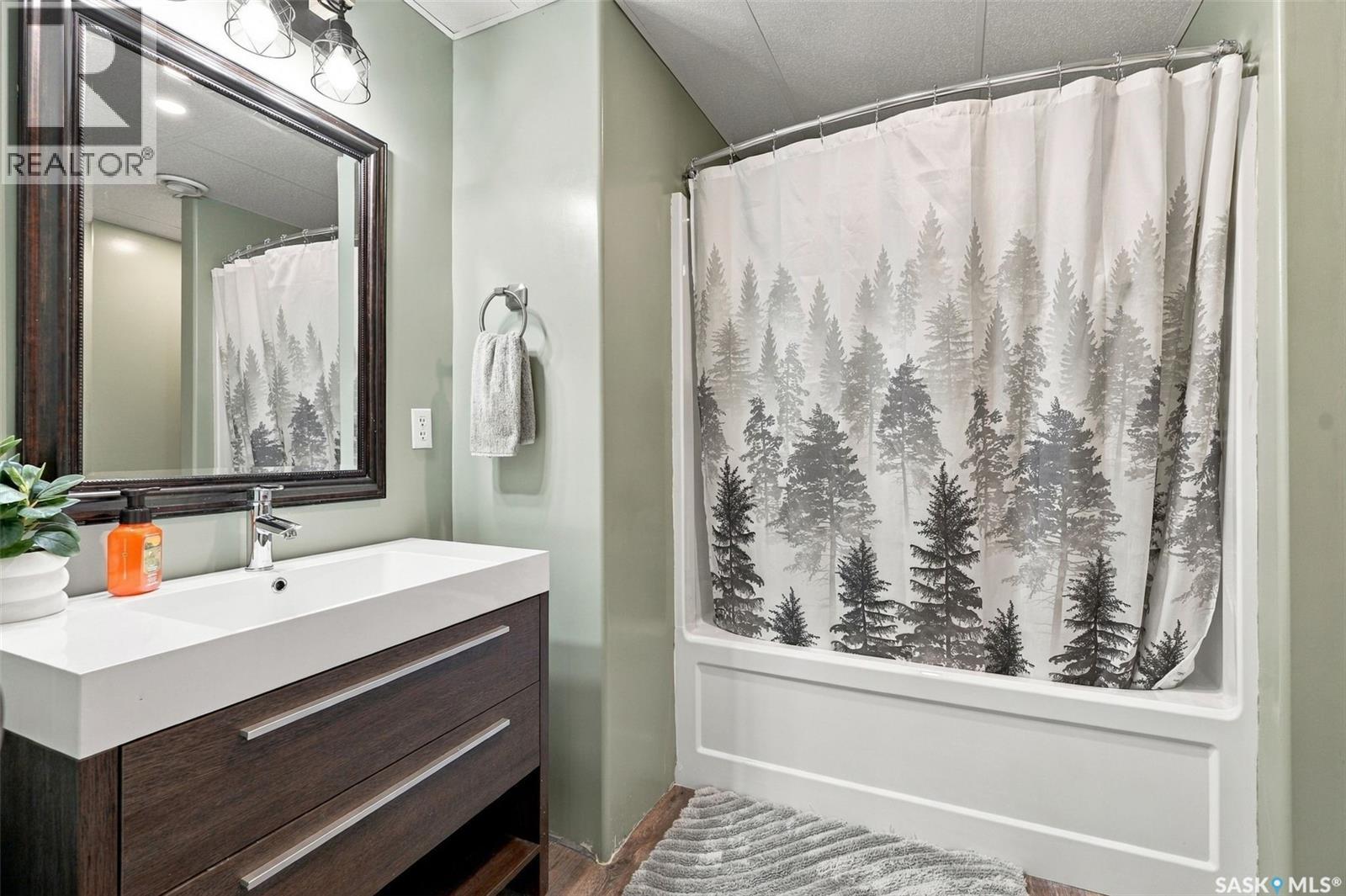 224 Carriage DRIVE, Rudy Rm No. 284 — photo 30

- - - - - - -

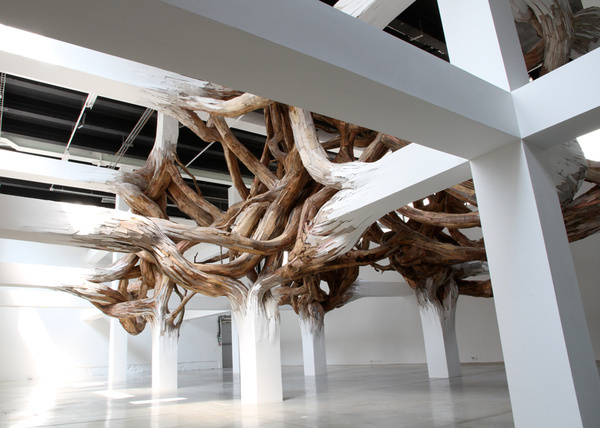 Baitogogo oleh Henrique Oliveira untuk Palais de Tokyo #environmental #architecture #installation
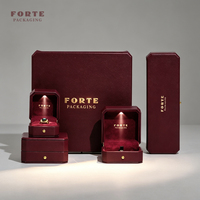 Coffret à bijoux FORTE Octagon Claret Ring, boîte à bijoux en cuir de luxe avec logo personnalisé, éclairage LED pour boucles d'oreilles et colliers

- - - - - - -

* Try it *
Above, find the line holding "Baitogogo oleh Henrique" and the line holding "Coffret à bijoux". Print exactly those two lines and every line between them, but no pictures.

* Exercise result *
 Baitogogo oleh Henrique Oliveira untuk Palais de Tokyo #environmental #architecture #installation
 Coffret à bijoux FORTE Octagon Claret Ring, boîte à bijoux en cuir de luxe avec logo personnalisé, éclairage LED pour boucles d'oreilles et colliers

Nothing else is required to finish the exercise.